The nine-year-old won the Turnbull Stakes in 2013 and his performance in Sunday's 2000m Group One race will shape the rest of his spring.
Happy Trails has contested the past four Cox Plates at Moonee Valley with his best result a close second to Shamus Award in 2013.
"We'd like to target the Cox Plate. But the Turnbull will tell us where we're going," Beshara said.
"He'll run very competitively."
Happy Trails finished fifth in the 2012 Turnbull and won it in 2013 but has been unplaced the past two years.
"The last two he was unlucky," Beshara said.
"He never saw daylight."
This year Beshara has taken a different approach to get the gelding to the Turnbull at his second start of the preparation rather than his fourth as he has done previously.
"He's older now and I don't want to inundate him with runs," Beshara said.
"I'm just trying to space his runs out a bit."
Beshara is hoping the rain stays away because Happy Trails likes dry ground.
Sunday's field of 13 contains nine Group One winners headlined by Hartnell who makes his first Melbourne appearance for the season, and last year's winner Preferment.
Beshara has watched the John O'Shea-trained Hartnell's recent wins and said the gelding has been going exceptionally well but added he has also seen the best get beaten.
"The only one I never saw get beaten was Black Caviar.

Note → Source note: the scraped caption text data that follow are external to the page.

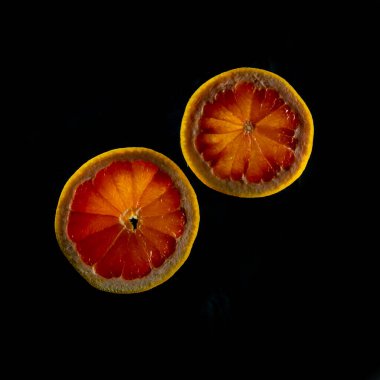 Dilimlenmiş greyfurt. Siyah arka planda yarı izole. Pembe, portakallı taze greyfurt narenciye, zevkle dilimlenmiş, dramatik ışık dokusu, arka planda renkli dilimlenmiş meyveler ışıklandırılmış, kopyalama alanı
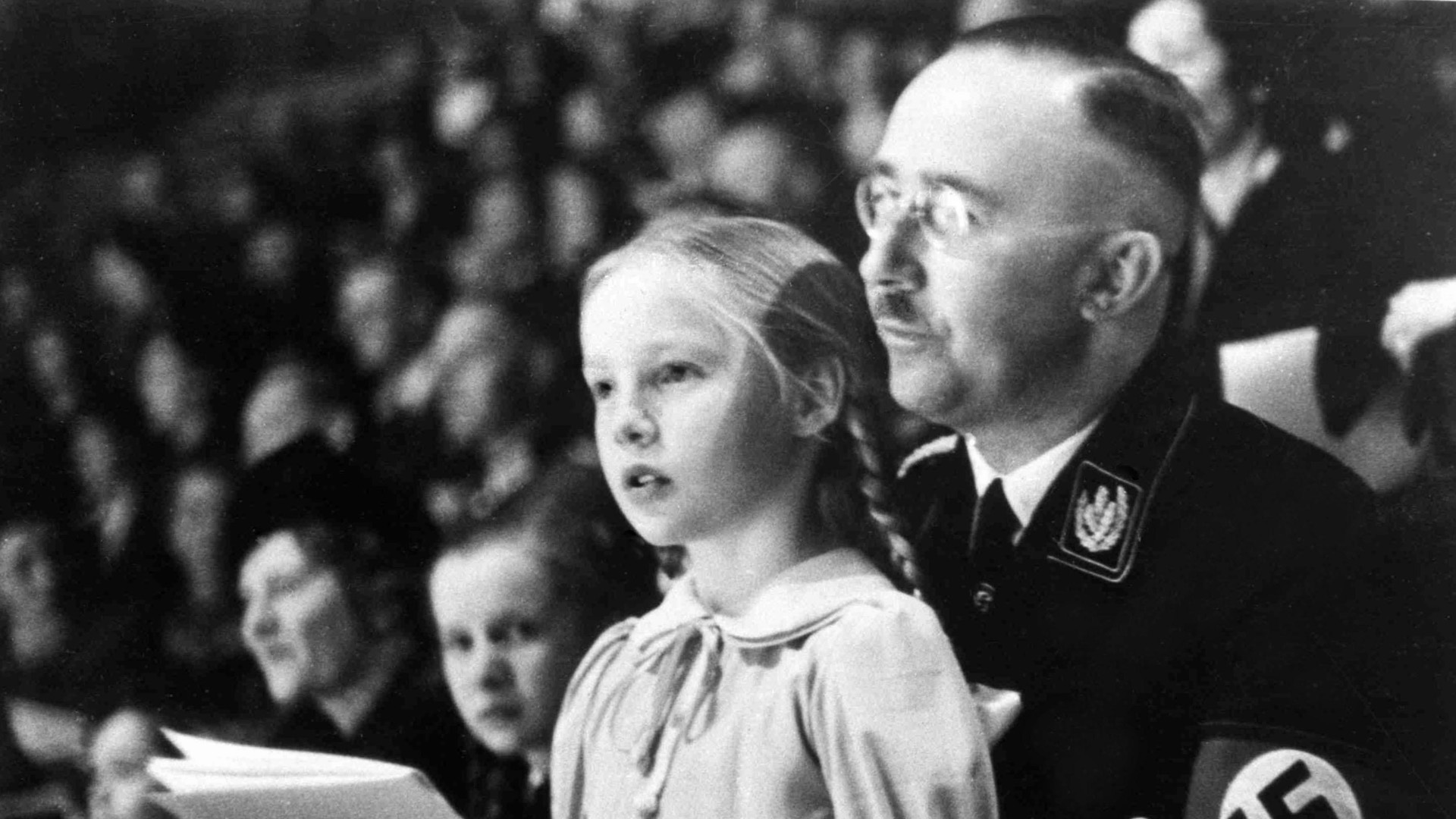 Gudrun Himmler with her father Heinrich at a Nazi sports festival, 1938.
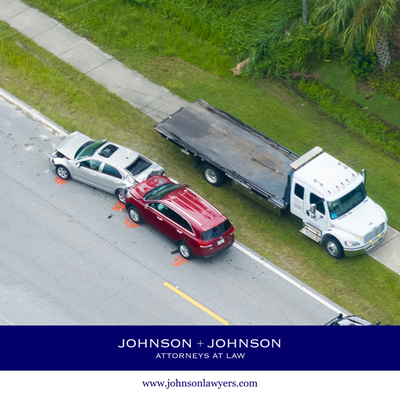 Aerial view of a tow truck about to carry two cars away from the scene of a car accident in Forest Acres, SC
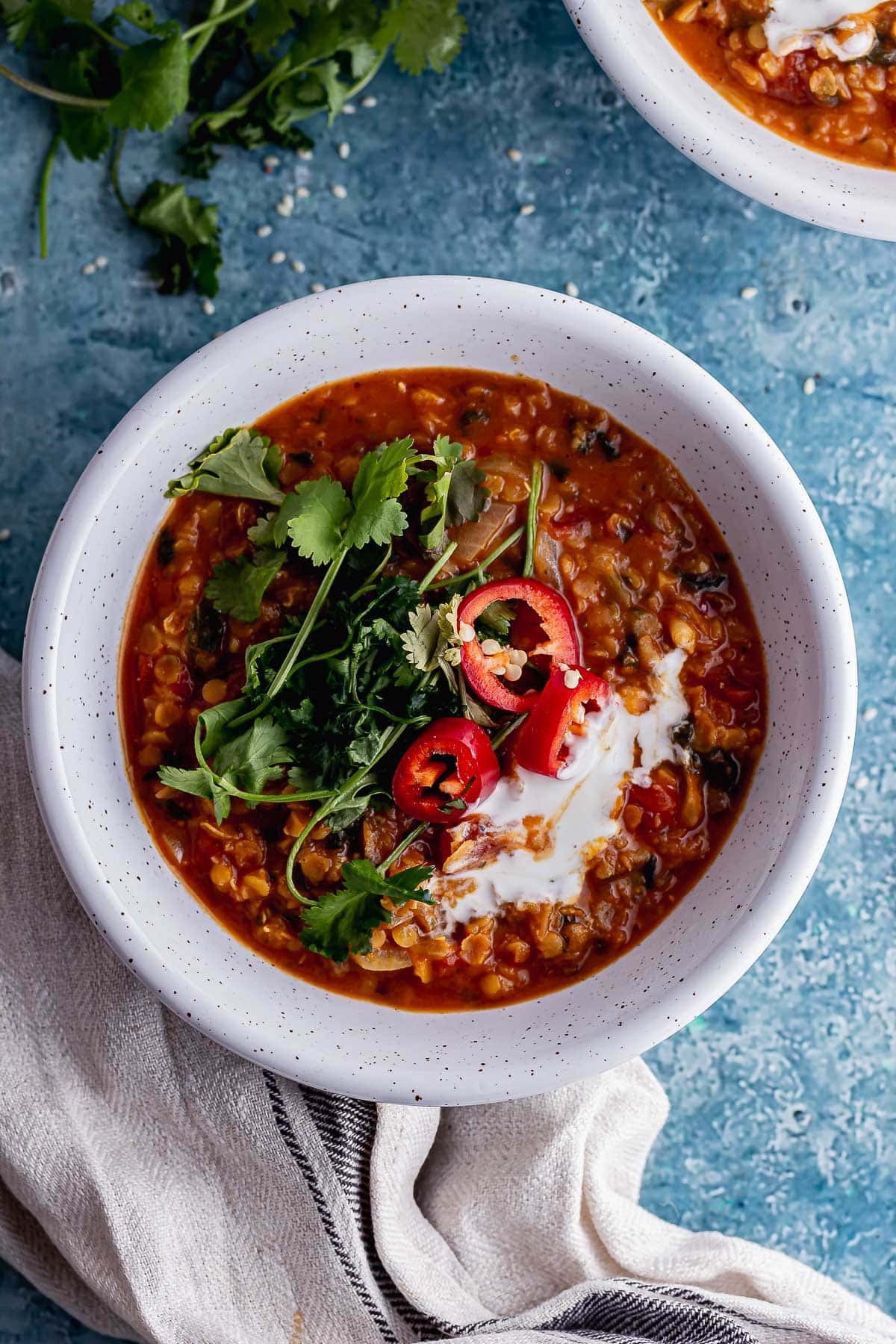 Overhead shot of spicy lentil soup on a blue background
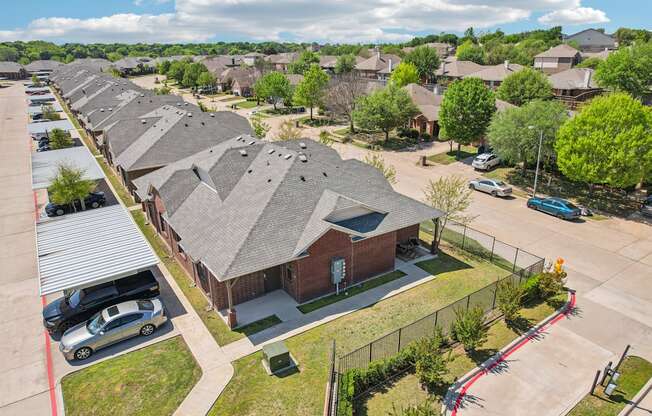 A row of houses with a car parked in front of each.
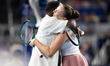 DJ Irie of the USA hugs Amanda Anisimova of the USA during the Miami Invitational at loanD...
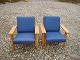 A couple of lounge chairs designed by Hans Wegner GE model 290 with blue wool fabric made ​​from getams furniture factory in good condition 5000 Showroom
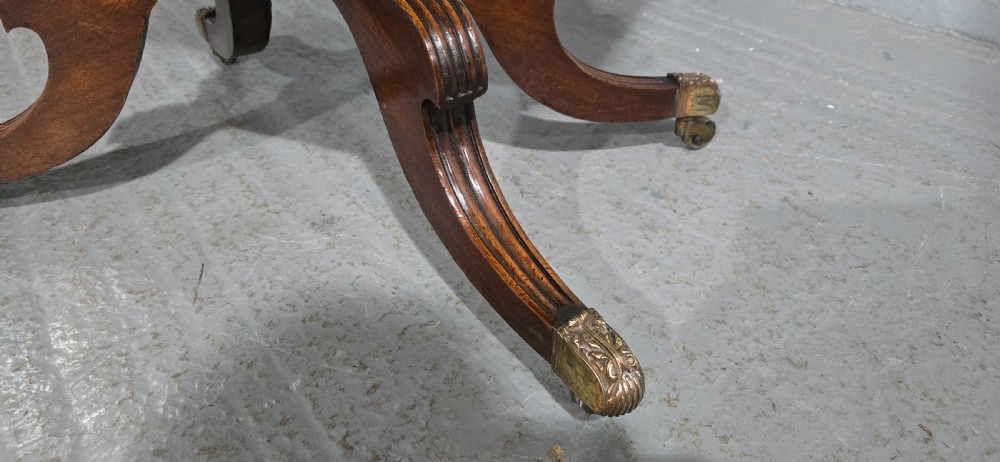 A Regency brass inlaid wooden card table featuring a fold-over top, central pedestal column, and four splayed legs with brass paw feet. View XII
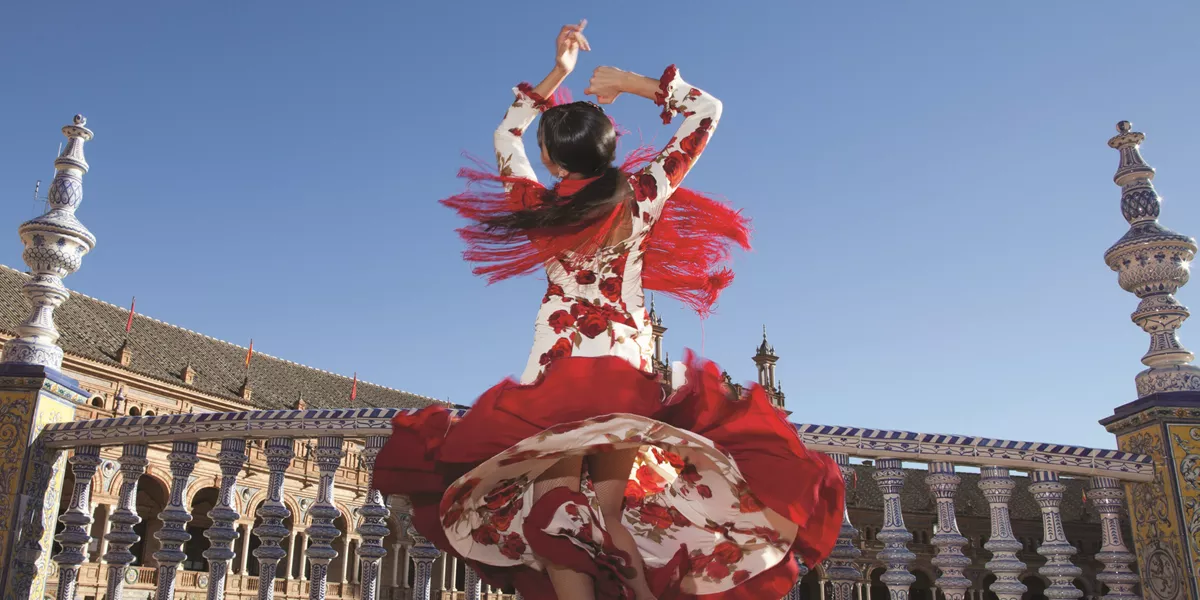 Lady dancing on terrace in Seville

But the rest all get beat," he said.
There had been a question mark over whether Happy Trails would return for another spring after his autumn preparation which culminated in a fifth in the Queen Elizabeth Stakes.
Beshara said he let the horse guide him.
The trainer was pleased with the way he finished the race off for eighth in the Makybe Diva Stakes and said he'd progressed nicely.
"I was always hoping he'd come back but we left it up to him," Beshara said.
"I brought him in and put him back into work and he loves being in work. He loves his racing.
"He's still got a sprint at the end of his race, so while he's doing that he can stay racing. When he stops, he can retire."